3.3 Coping with failures

Same as in the basic approach.

3.4 Possible improvements

CRAQ has a very interesting feature — it is possible to send updates via multicast on write requests. When a write request hits head — head can multicast changes to all nodes and then send “fixation” event down the chain. Upon receiving the fixation event a node waits to receive the multicast update. The same way tail can multicast ACK and send fixation event back to the head via the chain.

4. FAWN: a Fast Array of Wimpy Nodes

This is a very interesting research, not fully related to this article but gives a good example of how chain replication can be used.

High-performance KV-storages (Dynamo, memcached, Voldemort) share the same characteristics: a lot of I/O, not computational, require parallel access to random keys, thousands of concurrent requests, size of data is relatively low — up to 1Kb.

Nodes with HDD are not a good choice for such systems because of the slow seek operation (random access), on the other hand, nodes with a big amount of RAM consume surprisingly a lot of power — 2GB DRAM is equivalent to 1Tb HDD.

The goal of the original research is to build a high throughput efficient cluster with minimal energy consumption. After three years 50% of a server’s cost is energy costs and modern energy saving modes are not really so effective — in conducted tests CPU power consumption was around 50% with 20% system load. Moreover, other components might not have energy saving modes at all — consider DRAM, for example — it already works on the minimum voltage.
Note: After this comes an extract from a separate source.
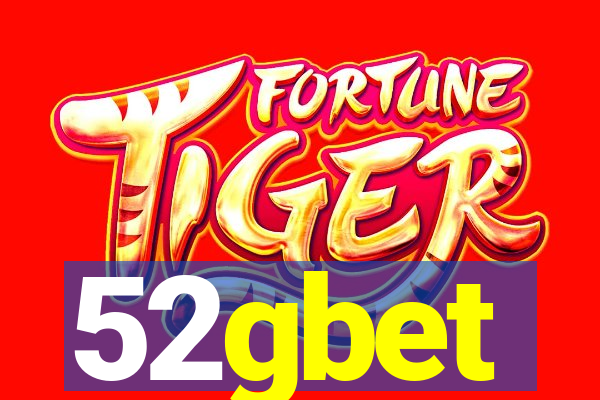 52gbet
It must be noted that in such cluster we also can observe a gap between CPU and I/O — a powerful CPU has to wait for I/O operations to finish.

4.1 Architecture

FAWN cluster is built on old servers — $250 per server (in 2009) with embedded CPU 500MHz, 512Mb RAM, 32Gb SSD. If you are familiar with Amazon Dynamo or consistent hashing then you’ll find FAWN architecture very similar to them:

  • Each physical server consists of several virtual nodes, each node has its own unique VID.
  • VID forms a ring, each VI is responsible for the range “behind” it (for example, A1 is responsible for keys in the R1 range).
  • To improve fault tolerance data is replicated over R next virtual nodes in the clockwise direction (for example, if R=2 then keys from A1 are replicated to B1 and C1). Thus, we get a chain replication (basic approach).
  • Read requests are routed to the tail, i.e. read from A1 will be routed to C1.
  • Write requests are routed to the head and are propagated to the tail.
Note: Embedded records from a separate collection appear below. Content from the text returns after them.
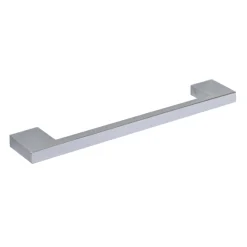 Held Küchenzeile Sorrella 210cm mit Geschirrspüler und Backofen - anthrazit/ocker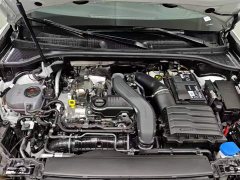 Audi Q3 2024 35 TFSI Fashionable and Dynamic - фото 16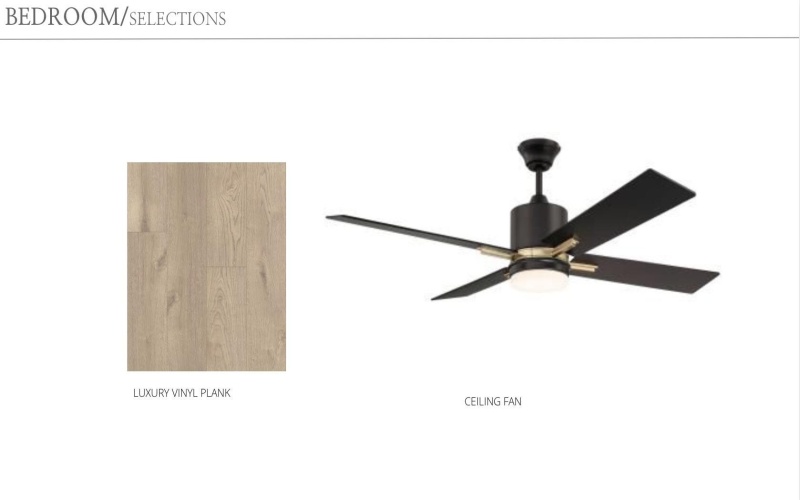 4902 139th Street, Lubbock, TX 79424, 4 Habitaciones Habitaciones , ,5 BañosBaños,Residential,En Venta,4902 139th Street,0,202603866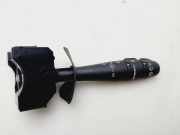 Scheibenwischerschalter 7701047553 Renault Clio II (BB/CB) Schrägheck 1.2 16V (D4F-722)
Server map is stored on the fronted cluster, each server from it is responsible for a specific range of VIDs and can reroute a request to the appropriate frontend-server.

4.2 Evaluation

In the stress tests, FAWN cluster reaches QPS (queries per second) as 90% of QPS of random reads on a flash drive.
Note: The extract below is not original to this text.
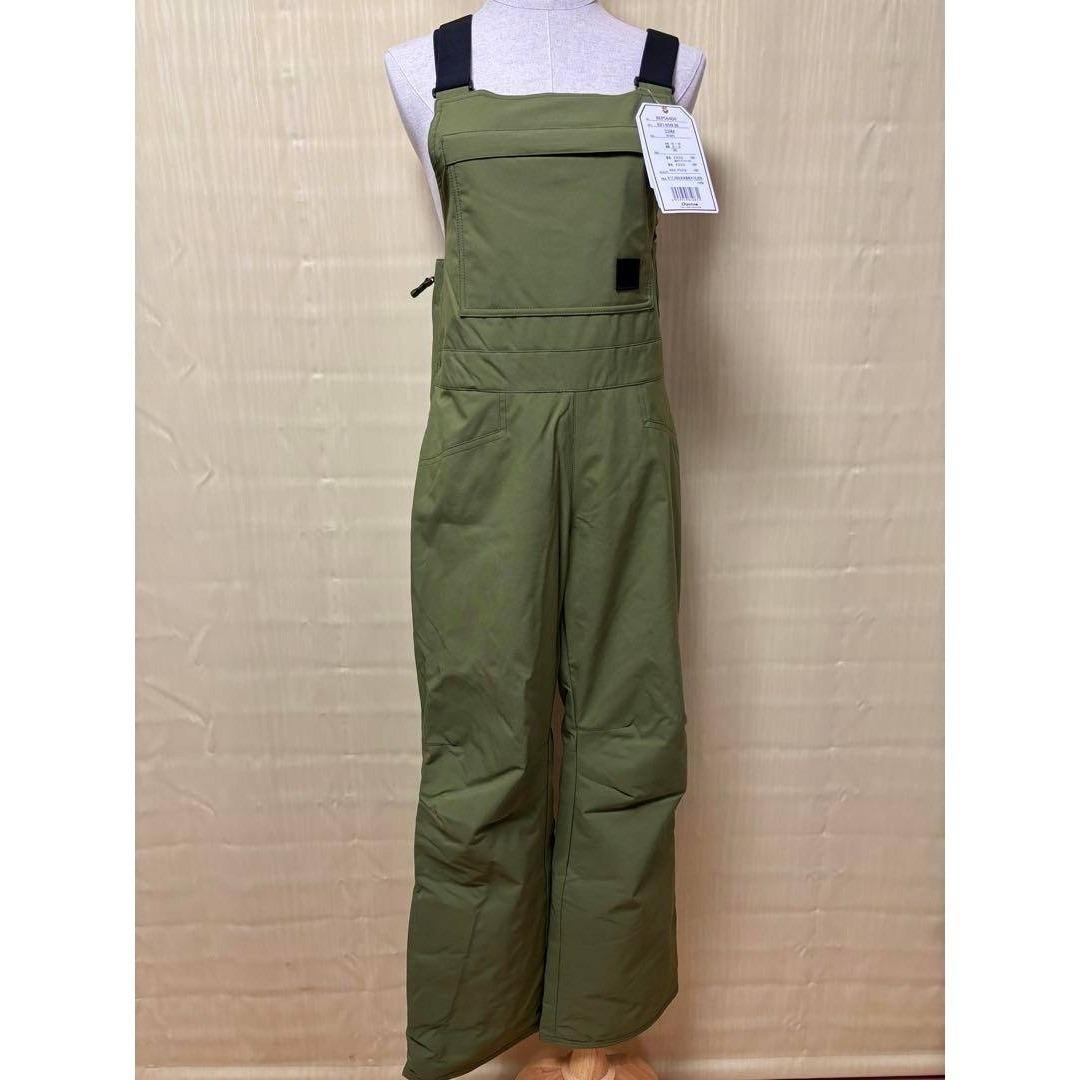 フェニックス160 スキーウェア　子供　phenix キッズ　新品　上下セット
In the following table, we compare the total cost of ownership (TCO) of different systems. The base setup for Traditional systems is $1000 server (as in 2009) with 200W consumption:

In conclusion, if your workload consists of:

  • A huge amount of data, low amount of requests — choose FAWN + 2Tb 7200 RPM,
  • A small amount of data, a lot of requests — choose FAWN + 2GB DRAM,
  • Average values — choose FAN + 32GB SSD.